Expanding Access, Education, and Partnerships with the National Park Service
Educators, alumni, and civil rights advocates are urging federal officials to treat Booker T. Washington School and Buttonwood School as active educational hubs, not static memorials. Their goal is to embed the schools’ histories of segregation, community organizing, and Black educational leadership into contemporary teaching, using place-based education, digital tools, and sustained local partnerships.
Proposals call for programs that move beyond traditional guided tours, such as:
- Teacher institutes and workshops that provide primary sources, training, and ready-to-use, standards-aligned lesson plans focused on civil rights and educational equity.
- Student research labs where learners analyze oral histories, census data, and GIS maps of historic Black neighborhoods to understand long-term patterns of segregation.
- Co-created on-site and virtual exhibits designed with alumni, faith leaders, youth groups, and neighborhood organizations.
- Accessible, multilingual educational materials (print and digital) to reach a wide spectrum of visitors and classrooms.
Local leaders emphasize that this work will require durable partnerships and shared decision-making. A preliminary framework proposes collaborations that leverage the strengths of each institution:
| Partner | Primary Role | Key Benefit |
|---|---|---|
| National Park Service | Preservation & interpretation | Protects historic fabric and elevates the sites on a national stage |
| Local Schools | Curriculum integration | Uses the sites as year-round, real-world classrooms |
| Community Groups | Program co-design | Ensures cultural relevance, trust, and neighborhood ownership |
| Universities | Research & internships | Generates new scholarship and pathways for emerging historians and educators |
Concepts under consideration include joint stewardship agreements, youth internship pipelines, and small grants to support community-led events, from history days to storytelling festivals.
Looking Ahead: From Historic Sites to Catalysts for Educational Equity
As stabilization projects advance and new interpretive tools are developed, Booker T. Washington School and Buttonwood School are poised to serve as more than preserved remnants of a segregated era.
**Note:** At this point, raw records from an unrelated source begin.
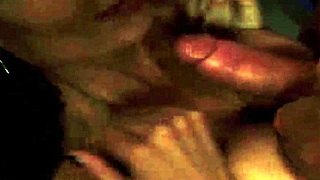 persia pele drains stud's cock with hot suction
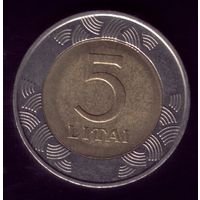 5 Литов 1998 год Литва
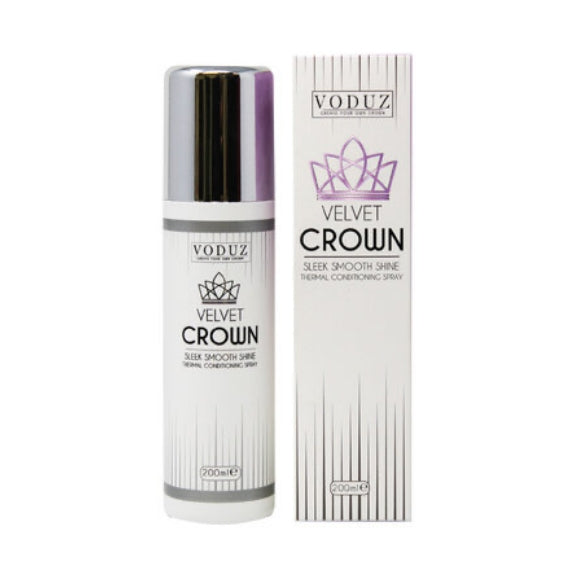 VODUZ Velvet Crown Thermal Conditioning Spray | LA Image
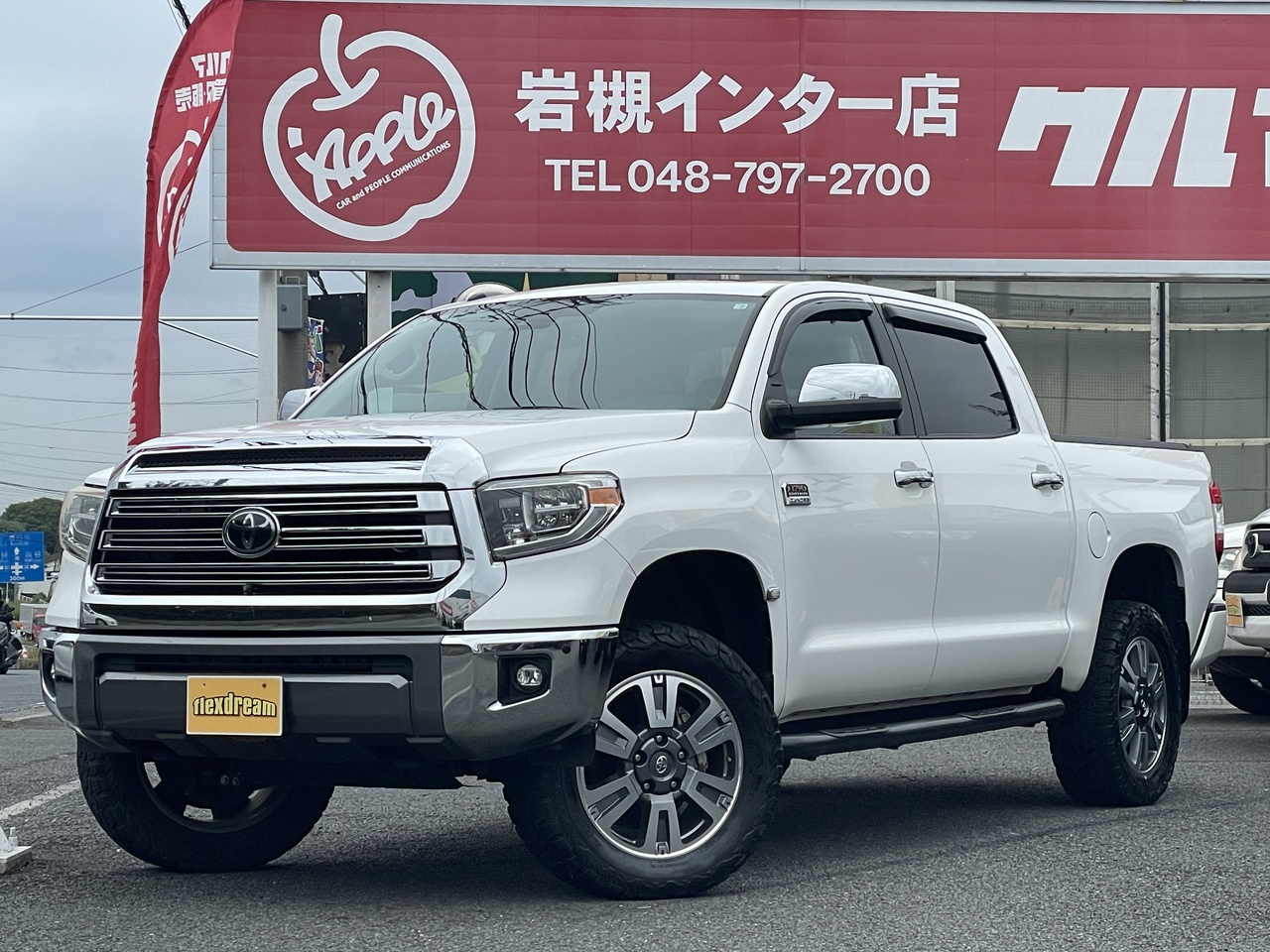 タンドラ　4WD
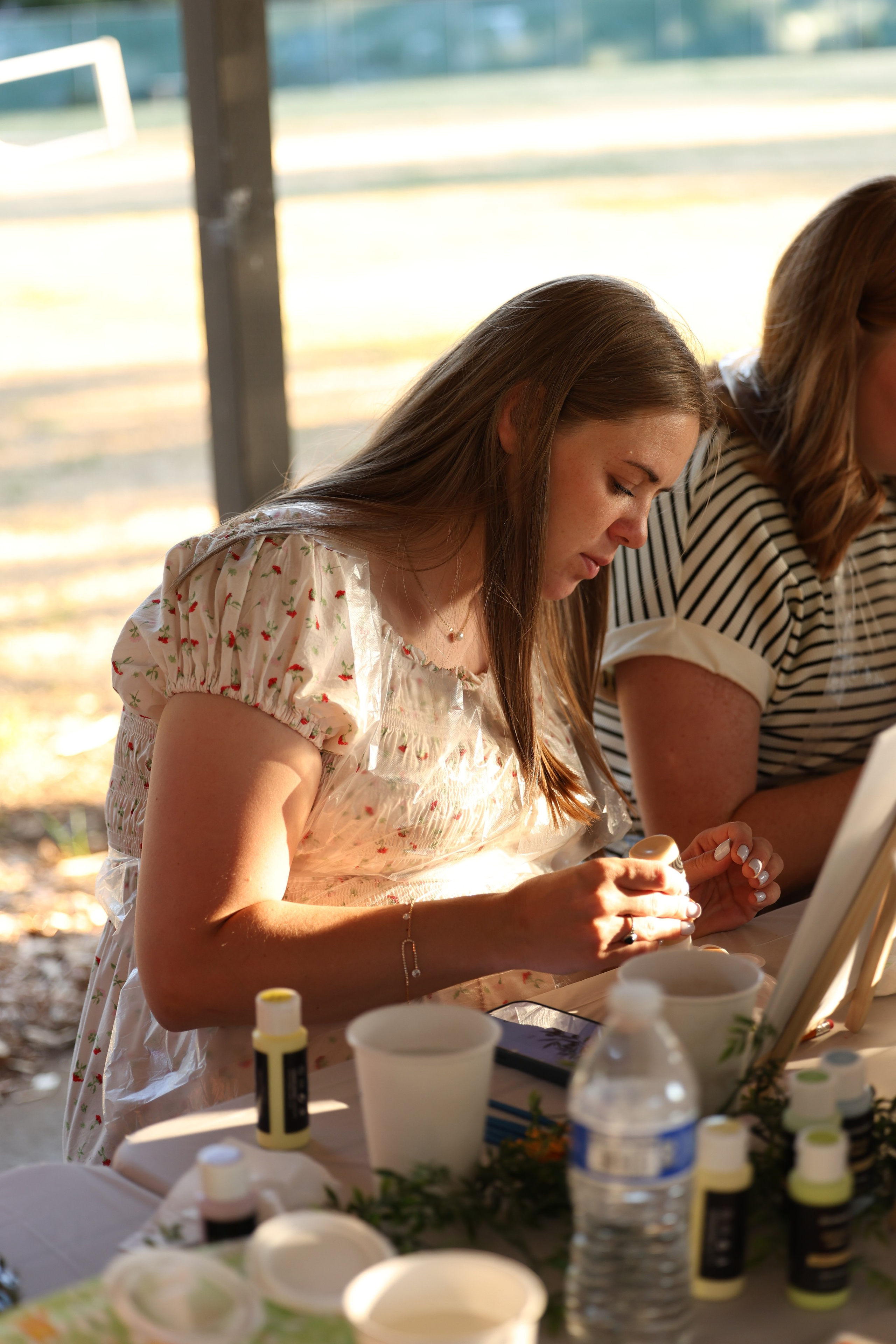 Snizhana baby shower 07-08-25. Smirna Christian Church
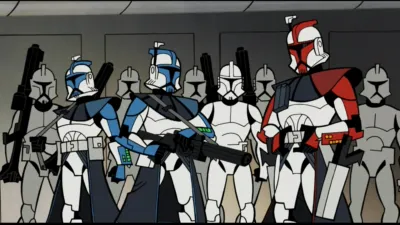 thumbnail - S1:E1 Star Wars Vintage: Clone Wars 2D Micro-Series - Volume 1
They are becoming active laboratories for understanding how race, policy, and opportunity intersect in American education—past and present.
For the National Park Service, the work is far from finished. Staff and partners continue to document understudied stories, repair aging structures, and experiment with ways to connect these sites to pressing contemporary debates over school funding, racial disparities in discipline, and access to advanced coursework. Nationwide data show that, even today, students of color often attend schools with fewer resources and older facilities, making the lessons encoded in these buildings urgently relevant.
Ultimately, how the stories of Booker T. Washington School and Buttonwood School are told—and how widely they are shared—will shape whether these schoolhouses remain quiet archival references or become central to the national conversation about who receives a quality education and on what terms. By treating them as living classrooms, communities and educators can use their history to inform ongoing efforts toward educational equity for generations to come.